Robert Baloh, director of Cedars-Sinai’s Neuromuscular Division and the lead researcher of this research project, said, “We think this buildup of thousands of copies of the repeated sequence GGGGCC in the nucleus of patient’s cells may become toxic by altering the normal behavior of other genes in the motor neurons. Because our studies supported the toxic RNA mechanism theory, we used to small segments of genetic material called antisense oligonucleotides – ASOs – to block the buildup and degrade the toxic RNA. One ASO knocked down overall C9ORF72 levels. The other knocked down the toxic RNA coming from the gene without suppressing overall gene expression levels. The absence of potentially toxic RNA, and no evidence of detrimental effect on the motor neurons, provides a strong basis for using this strategy to treat patients suffering from these diseases.”

Baloh continued: “In a sense, this represents the full spectrum of what we are trying to accomplish with patient-based stem cell modeling. It gives researchers the opportunity to conduct extensive studies of a disease’s genetic and molecular makeup and develop potential treatments in the laboratory before translating them into patient trials.”

Researchers from another institution recently began a phase one clinical trial that used a similar ASO strategy to treat ALS caused by a different mutation. No safety issues were reported in this clinical trial.

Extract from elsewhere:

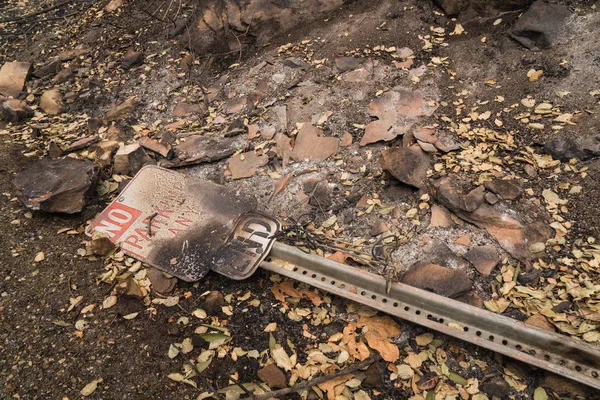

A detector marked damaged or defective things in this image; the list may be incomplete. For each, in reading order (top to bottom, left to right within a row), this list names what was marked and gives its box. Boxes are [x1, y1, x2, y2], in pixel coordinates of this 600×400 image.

Clive Svendsen, director of the Regenerative Medicine Institute and one of the authors, has investigated ALS for more than a decade, said, “ALS may be the cruelest, most severe neurological disease, but I believe the stem cell approach used in this collaborative effort holds the key to unlocking the mysteries of the and other devastating disorders. Within the Regenerative Medicine Institute, we are exploring several other stem cell-based strategies in search of treatments and cures.”

ALS affects 30,000-50,000 people in the US alone, but unlike other neurodegenerative diseases, it is almost always fatal within three to five years.